The second part of the talk, “Connecting Users, Data, and Repositories”, was covered by Simon Goring, who gave an overview of the opportunities for community repositories to act as a space to bring together the disparate parts of the research process – the journal and the database. Jack and Simon suggested that repositories can help mediate these pieces by building workflow tools that help make data submission an integrated piece of the research process as well as by acting as a broker between researchers and the myriad platforms and formats available. Simon also covered examples of successful linking and building-upon of initiatives from Neotoma and EarthCube, as well as other cyberinfrastructure tools created by EarthCube.

December RDS Brown Bag Talk: Jaime Martindale & AJ Wortley

by Cameron Cook

The Rebecca J. Holz series in Research Data Management is a monthly lecture series hosted during the spring and fall academic semesters. Research Data Services invites speakers from a variety of disciplines to talk about their research or involvement with data.

This December, Jaime Martindale, Map & GIS Data Librarian at the Arthur Robinson Map Library, and AJ Wortley of the State Cartographer’s Office, shared their talk “Geospatial Data Preservation & Management”. You can find their archived slides here.

Jaime and AJ’s talk focused on the work they have done over the past year archiving and releasing data through a  UW-Madison campus geoportal, as well as the work they will be doing over the next year to help a CIC wide geoportal get off the ground.  During their talk they introduced what geospatial data is in terms of raster data and vector data, how geospatial data is used in educational contexts through the geoportal they have built, as well as the process of collecting and archiving the data for use in the geoportal databases. They also noted, as they gave a brief view into the process of starting the new CIC wide geoportal, that they are weighing choices similar to ones faced through the research data lifecycle – i.e. decisions on file formats, software, standards, etc.

 

November RDS Brown Bag Talk: Karl Broman

By Cameron Cook

The Rebecca J. Holz series in Research Data Management is a monthly lecture series hosted during the spring and fall academic semesters. Research Data Services invites speakers from a variety of disciplines to talk about their research or involvement with data.

This November, Karl Broman, a professor in the Department of Biostatistics and Medical Informatics at the University of Wisconsin – Madison, gave a talk entitled “Reproducible Research”. You can find the slides and notes for his talk on his website.

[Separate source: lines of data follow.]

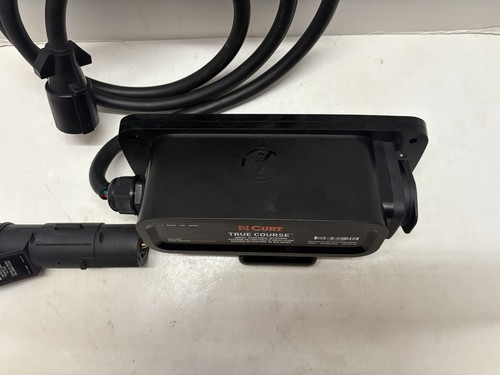 Curt 51202 True Course Advanced Bluetooth Trailer Sway Control System - Picture 2 of 9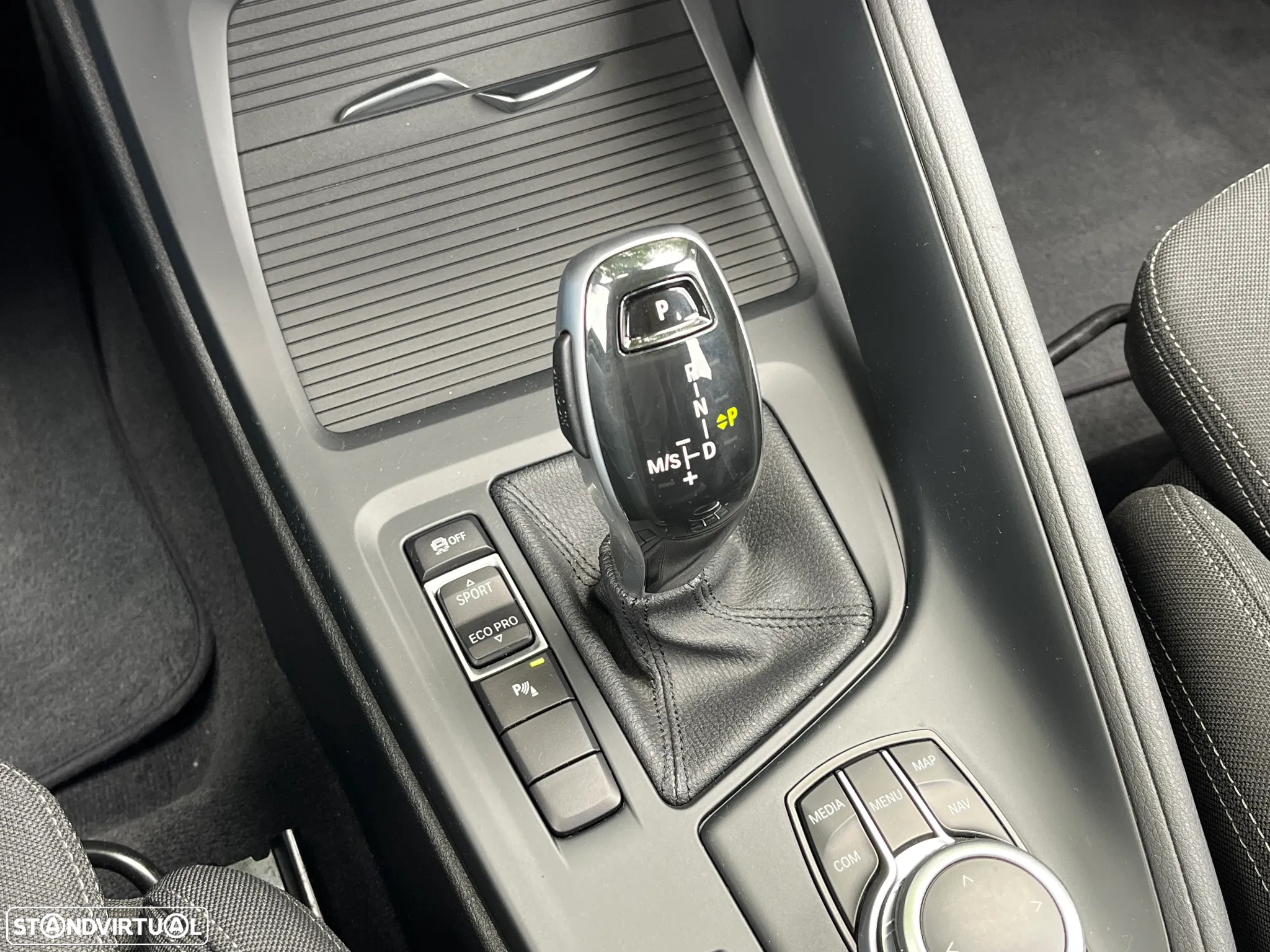 BMW X1 16 d sDrive Auto Advantage - 7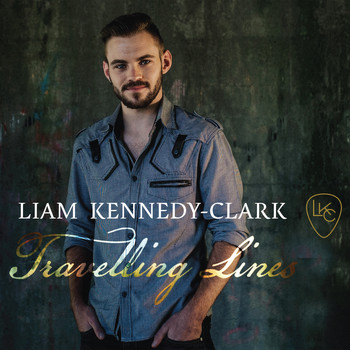 Liam Kennedy-Clark - Travelling Lines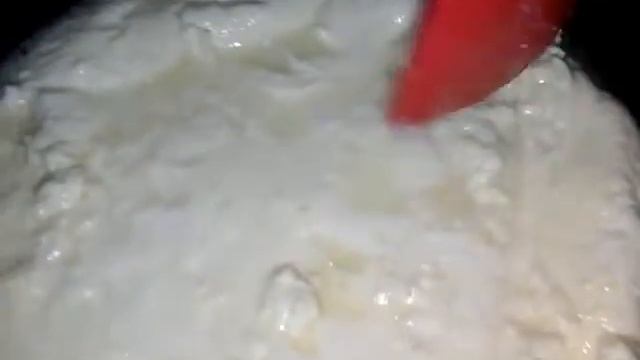 Творог в мультиварке\Cottage Cheese In Multivarka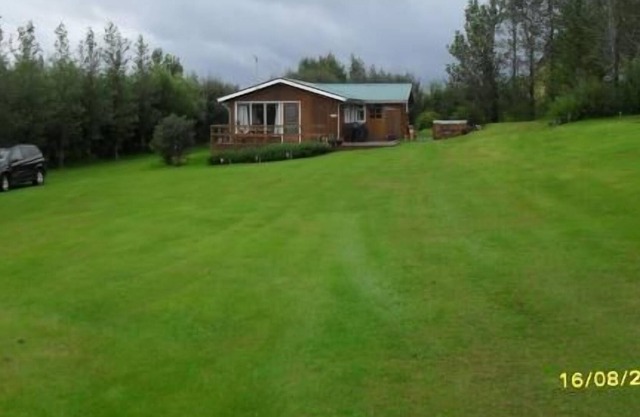 Holiday house Hvolsvellír for 1 - 6 persons with 3 bedrooms - Holiday home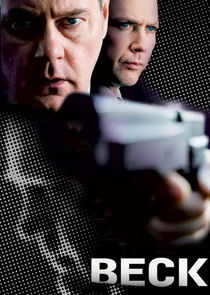 Beck poster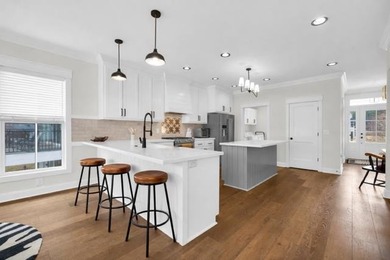 Imagine waking up every day in a lakefront home, sipping your on The Patriot Golf Club At Grand Harbor in South Carolina - for sale on GolfHomes.com, golf home, golf lot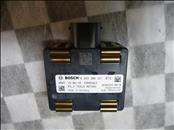 Tesla Model S Front Radar sensor 3.3 Bosch 1038224-00-B, 0203300327 (078) OEM OE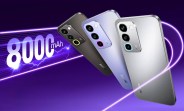 The Realme P4R launches with an 8,000mAh battery and an affordable price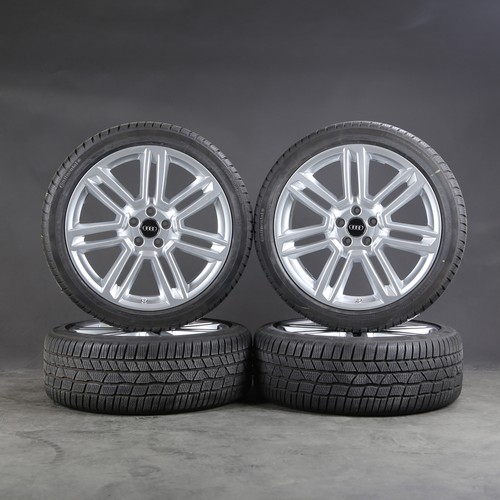 Inch winter wheels - wheels, original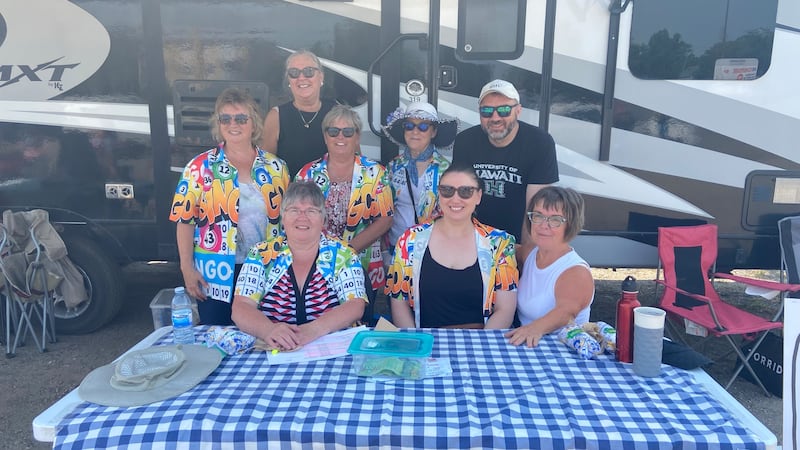 Volunteer group hosts strawberry rhubarb jam sale for Qu’Appelle House Special Care Home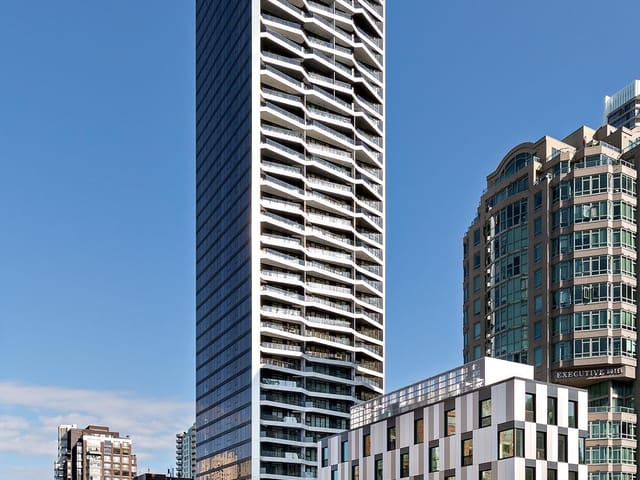 Apartment for sale in Vancouver, Vancouver West, 1207 889 Pacific Street, 263172763 | Realtylink.org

Karl’s talk centered on steps that can be implemented over time to make one’s work fully reproducible. He began with an overview of the issues he faces in his work, highlighting common problems and misconceptions that many researchers have experienced. He also introduced the idea of what reproducibility means and how that idea differs from replicable research. The steps to reproducibility that are outlined in Karl’s talk are listed below, further explanation can be found in the notes attached to his archived slides.

 1) Everything with a script – Everything you do, do in code.

2) Organize your data and code – Make your code or data meaningful to someone else.

3) Automate the process – Karl uses GNU Make for the process.

4) Turn your scripts into reproducible reports – Give a better picture of the data.

5) Turn repeated code into functions – Write better code!

6) Create a package/module – Don’t repeat yourself. Reuse and improve upon the code you have.

7) Use version control – Through tools like git/GitHub.

8) License your software – License your code so you can share it with others.